Unproved properties are assessed at least annually to determine whether they have been impaired. Individually significant properties are assessed for impairment on a property-by-property basis, while individually insignificant unproved leasehold costs may be assessed in the aggregate. If unproved leasehold costs are found to be impaired, an impairment allowance is provided and a loss is recognized in the consolidated statement of operations.

Depreciation, Depletion and Amortization —DD&A of capitalized costs of proved oil and natural gas properties is computed using the unit-of-production method based upon estimated proved reserves. Assets are grouped for DD&A on the basis of reasonable aggregation of properties with a common geological structural feature or stratigraphic condition, such as a reservoir or field. The reserve base used to calculate DD&A for leasehold acquisition costs and the cost to acquire proved properties is the sum of proved developed reserves and PUDs. The reserve base used to calculate DD&A for lease and well equipment costs, which include development costs and successful exploration drilling costs, includes only proved developed reserves.

Revenue Recognition

We recognize oil, natural gas and natural gas liquids revenues when products are delivered at a fixed or determinable price, title has transferred and collectability is reasonably assured. We use the sales method of accounting for recognition of natural gas imbalances.

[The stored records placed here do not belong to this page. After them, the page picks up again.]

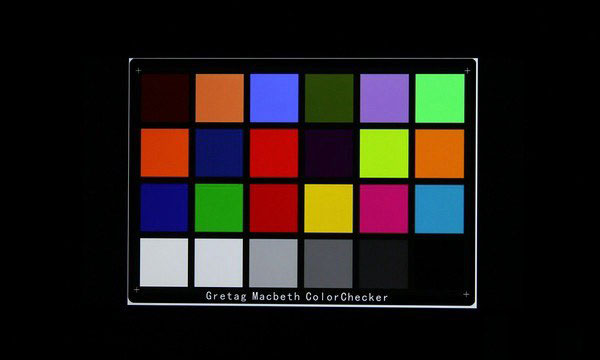 IUNI U3屏幕色彩测试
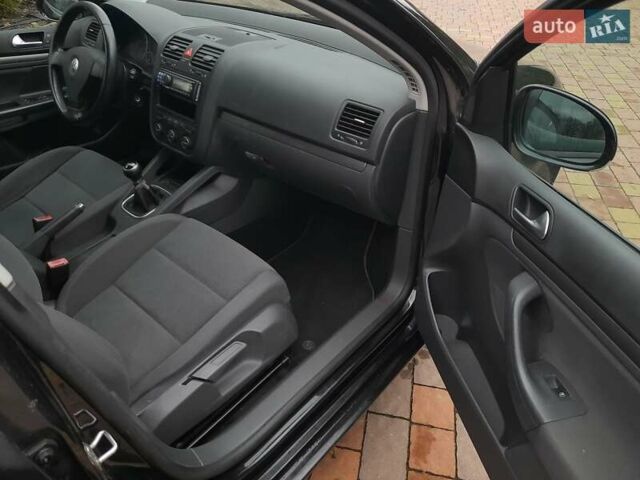 Черный Фольксваген Гольф, объемом двигателя 1.6 л и пробегом 260 тыс. км за 5399 $, фото 38 на Automoto.ua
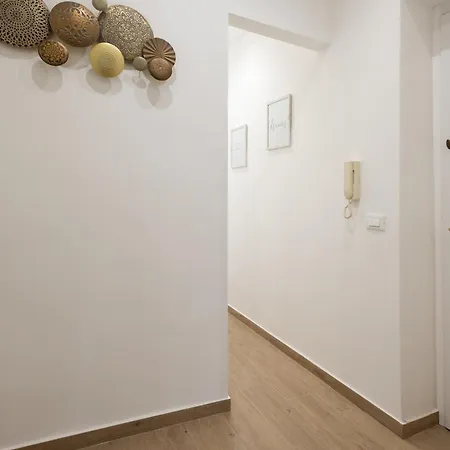 Appartamento Ludo House - Charming Con Patio A Due Passi Dalla Cattedrale Palermo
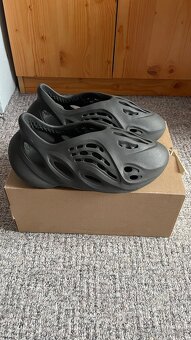 YEEZY FOAM RNNR 42 - 2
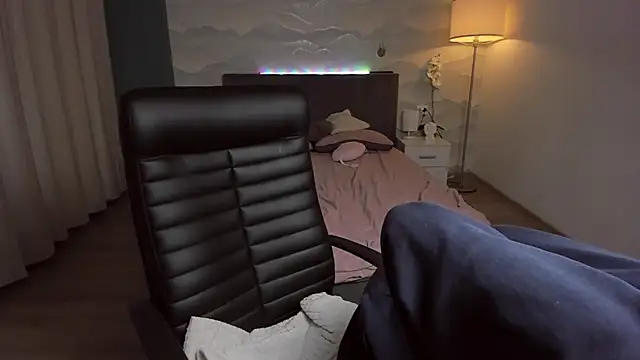 Snapshot of Edvard_Blare chatting on November 23, 2025, 12:37 pm Edvard Blare online show from November 23, 2025, 12:37 pm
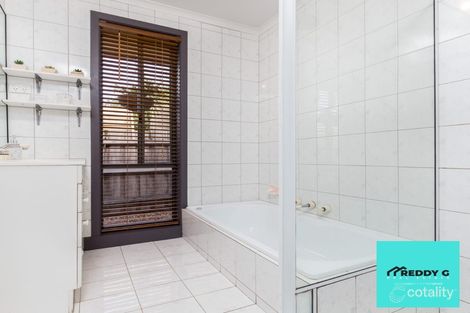 Property photo of 13 Majella Court Hoppers Crossing VIC 3029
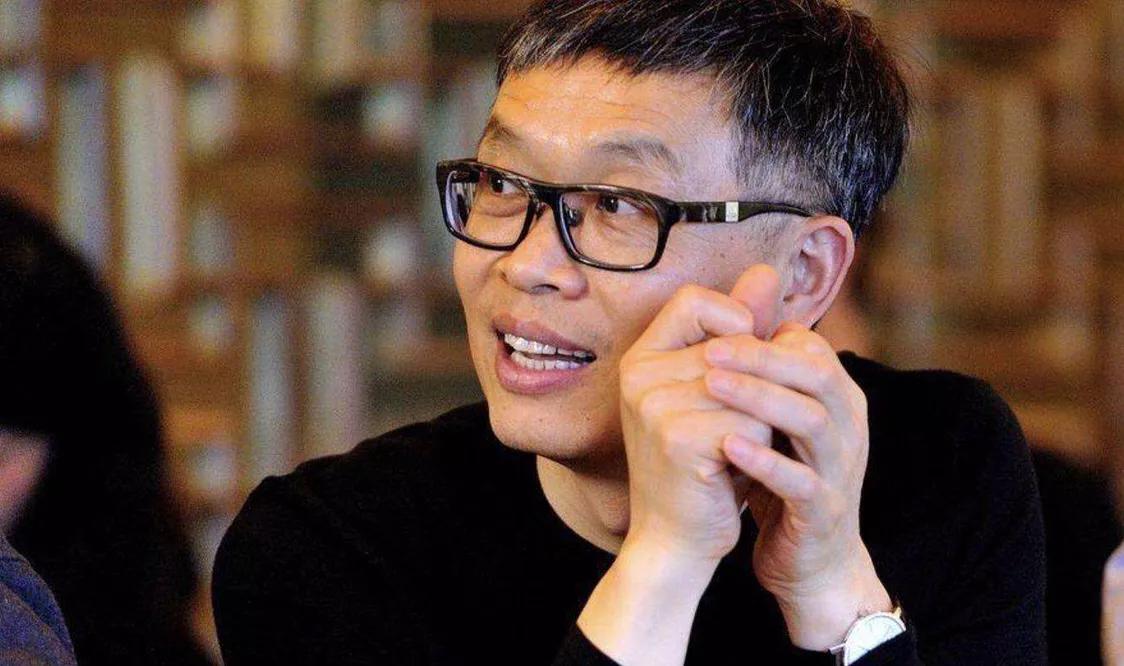 不知道她是否遍体鳞伤,只知道她是中国股市最不好惹的女人之一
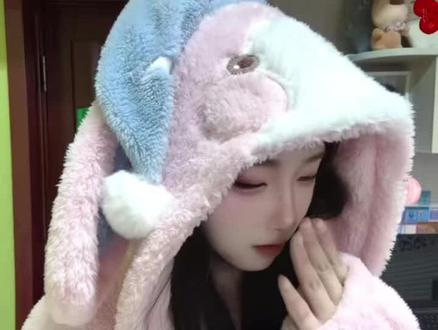 你的意思是 让我放弃原本精彩的生活 然后无法自拔的爱上你嘛?原创:@黑香杨 #好蠢别闹了 #转场 #变装 #变装转场 #美妆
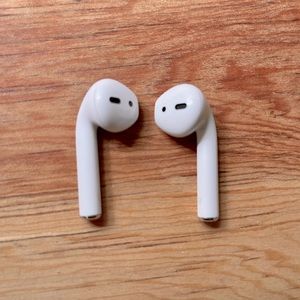 🍎SOLD🍎 AirPod (2nd Gen) earbuds only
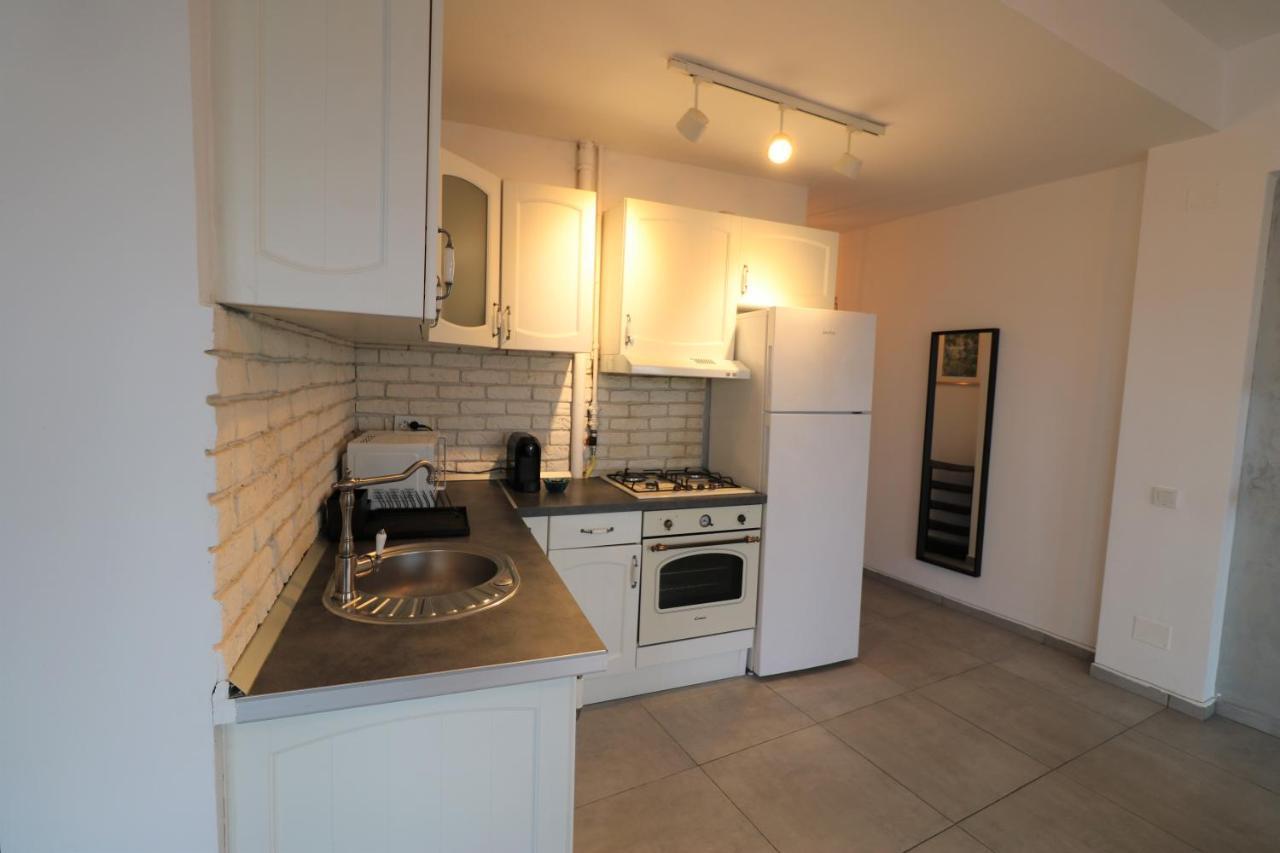 Serenity Heights Apartment: A Panoramic Haven Near Old Town - Free Minibar Бухарест Экстерьер фото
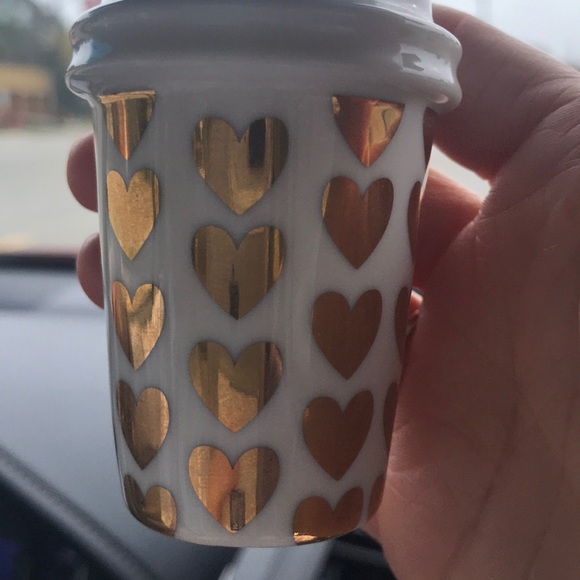 Meet your Posher, Tonyia - Picture 1 of 1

Derivative Financial Instruments

We use derivative contracts to hedge the effects of fluctuations in the prices of oil, natural gas and natural gas liquids. We account for such derivative instruments in accordance with ASC 815, Derivatives and Hedging , which establishes accounting and disclosure requirements for derivative instruments and requires them to be measured at fair value and recorded as assets or liabilities in the consolidated balance sheets.

Under ASC 815, hedge accounting is used to defer recognition of unrealized changes in the fair value of such financial instruments, for those contracts which qualify as fair value or cash flow hedges, as defined in the guidance. Historically, we have not designated any of our derivative contracts as fair value or cash flow hedges.

Accordingly, the changes in fair value of the contracts are included in earnings as “Gain (loss) on derivative contracts.” Cash flows from settlements of derivative contracts are classified as operating cash flows.

Income Taxes

We have elected under the Code provisions to be treated as individual partnerships for tax purposes. Accordingly, items of income, expense, gains and losses flow through to the partners and are taxed at the partner level. Accordingly, no tax provision for federal operations taxes is included in the consolidated financial statements.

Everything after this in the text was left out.